I started my weight loss journey in 2008… I wasn’t getting pregnant and while I am not sure that was the cause I figured it couldn’t hurt. Also, I had been working out steadily since 2004 with no real loss… so I knew I needed to take it to the next level. That time I lost about 25 pounds, and then I DID get pregnant.
Fast forward to about 9 months after P was born (January 2010) and my weight is steadily increasing despite my attempts to not eat chocolate cake. I was tired, I was overwhelmed with 3 kids, a job, a need for chocolate cake, and I turned to weight watchers, which had always made sense…
So, here I am March 2011… and I am within 10 pounds of not having my wii character turn into a little fat pumpkin when I weigh in. I’m almost to a regular BMI.
The reality is, I don’t feel all that different. I still think I’m fat when I walk by a mirror. I still think that my “saddle bags” are my worst feature. I actually still don’t think I look that different. I guess I look a little different, especially in my face from when I was 210 pounds. Blech, I hate those pictures!
I guess the truth is that I was REALLY unhappy when we moved here in 2001. I didn’t have friends, and I didn’t make friends for quite some time, leaving me with a 1 year old, a husband that was never home and me working part time. So, I gained. But then my life started to normalize, I made friends, I became happy with who I was and where I was… but the weight didn’t go away.
I still inwardly moan when I have to get off the couch. I still look at physical things thinking I can’t do them… but I’m sometimes surprised that I can.
I just don’t feel all that different.
I need to go in for a physical to see what my blood work says, to see if I truly am healthier now.

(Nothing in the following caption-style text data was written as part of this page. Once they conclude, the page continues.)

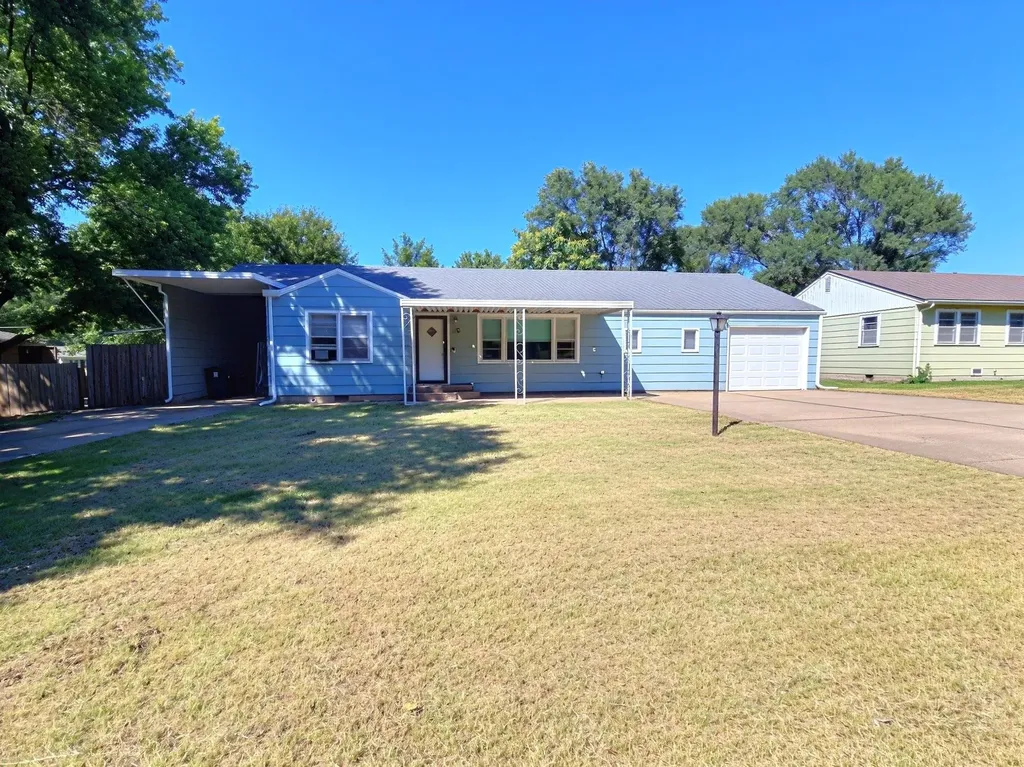 1420 Lawndale Avenue El Dorado KS 67042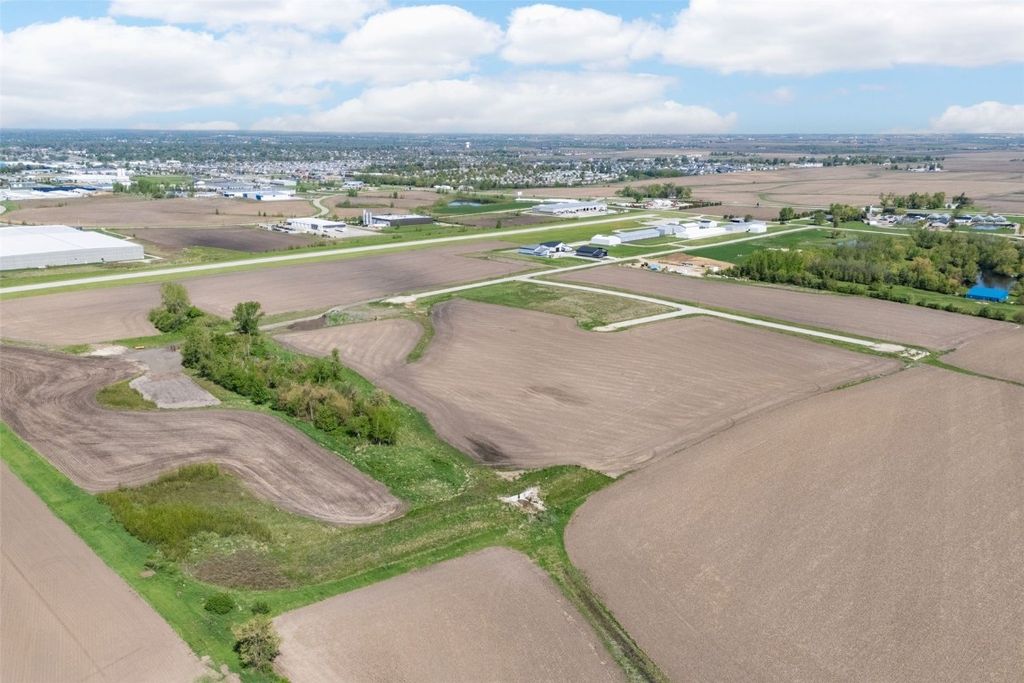 1687 Luxair Lane, Marion, IA 52302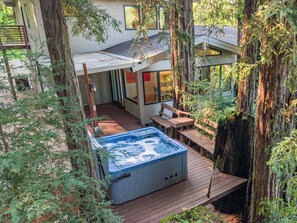 Terrace/patio - LUX Private Modern Villa | Pool, Spa, & Dogs OK (Calistoga)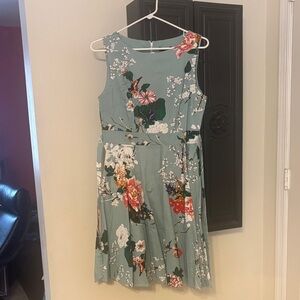 Acevog Floral Midi Dress - Green and White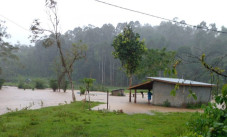 Sungai Manna Lahat Meluap,...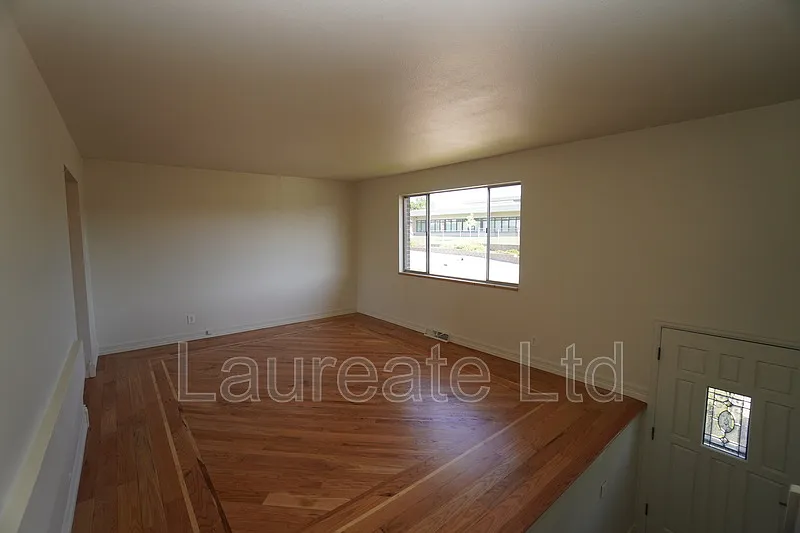 4 bed, 2.0 bath, 1800 sqft, $2,795 — Photo 2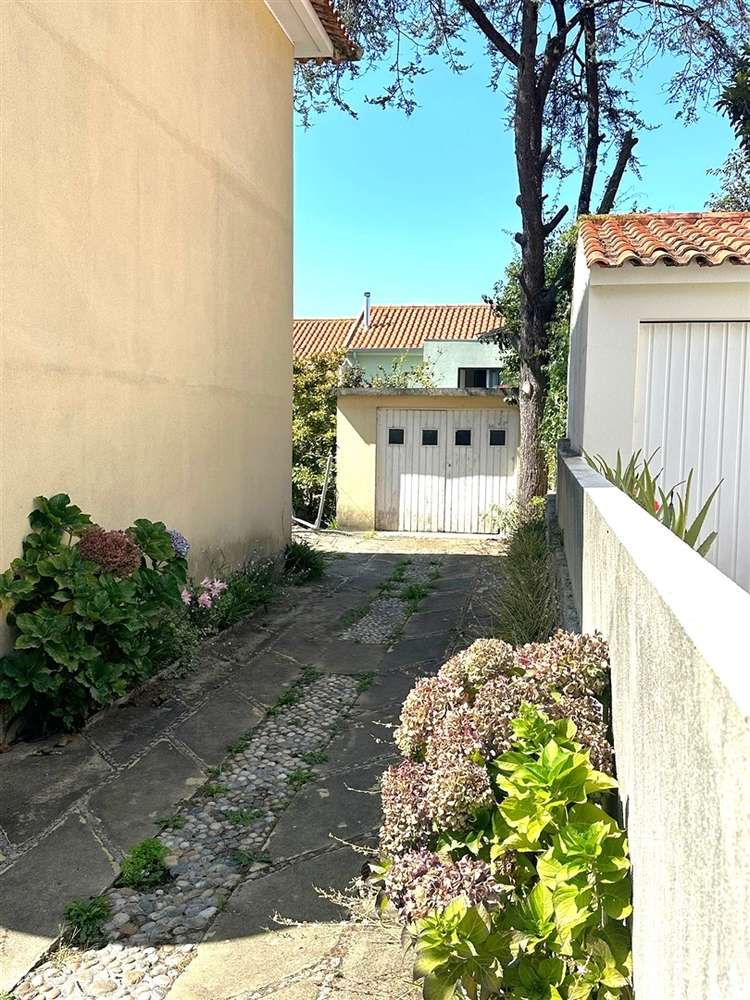 Moradia T4 com jardim em Aldoar, junto à Av. da Boavista e Parque da C - Grande imagem: 3/15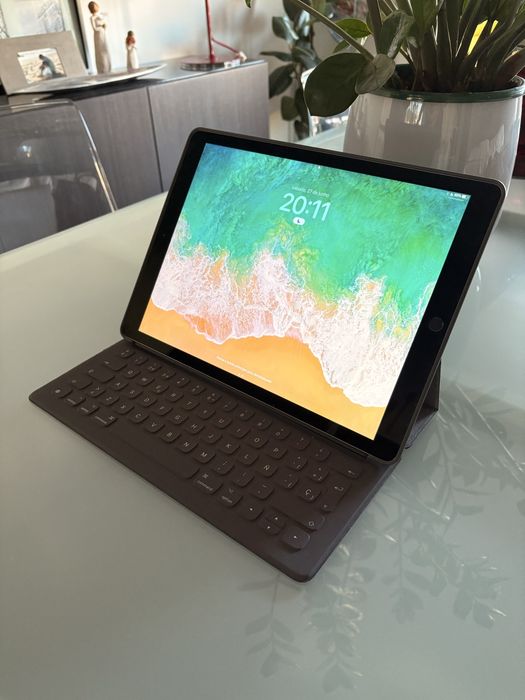 iPad Pro 12.9" (1.ª Geração) Wi-Fi – Excelente Estado + Teclado + Apple Pencil
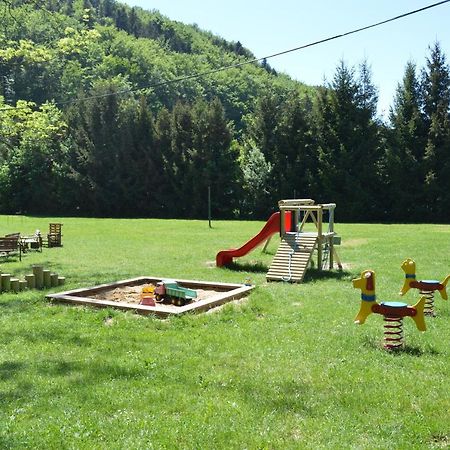 Mobilheim kemp Roznov pod Radhostem Exterior foto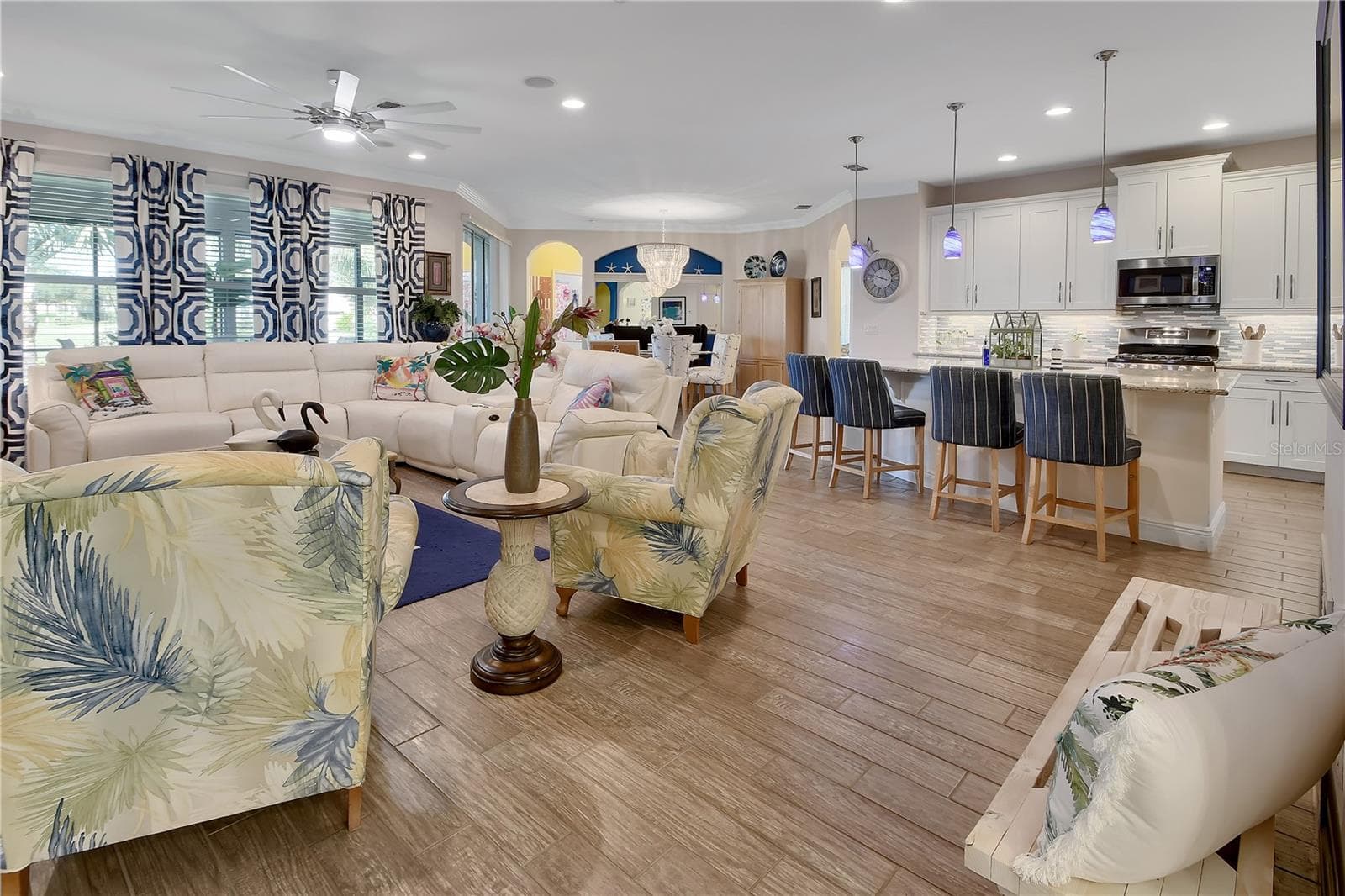 Gathering area - 126 MYRTLEBERRY LN, DELAND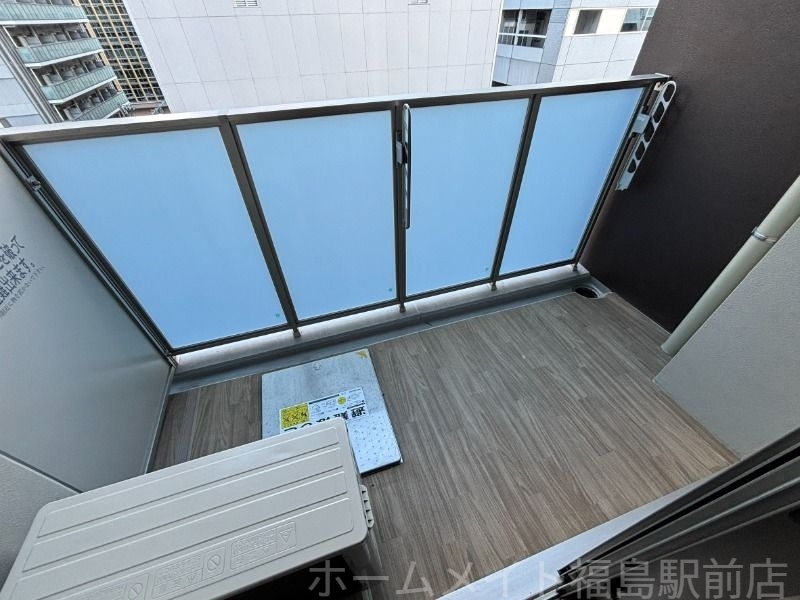 拡大写真:プライムアーバン南森町 10階1002のバルコニー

Part of me doesn’t want to because I think it won’t be any better and that will be depressing. That’s me, always looking for the bright side.
I claimed a blogspot for “weareallskinny.blogspot.com” and when do I use that? I sure as heck don’t feel skinny now. Will I in 10 pounds? Unlikely.
My app on my phone says I still have another 26 pounds to go to be at a more ideal weight, less close to the fatty line. Will I make it there? Who knows…
Anyway, just a little reminder that you always need to be happy where you are because it’s not clear of who where you are going to be later will be any better.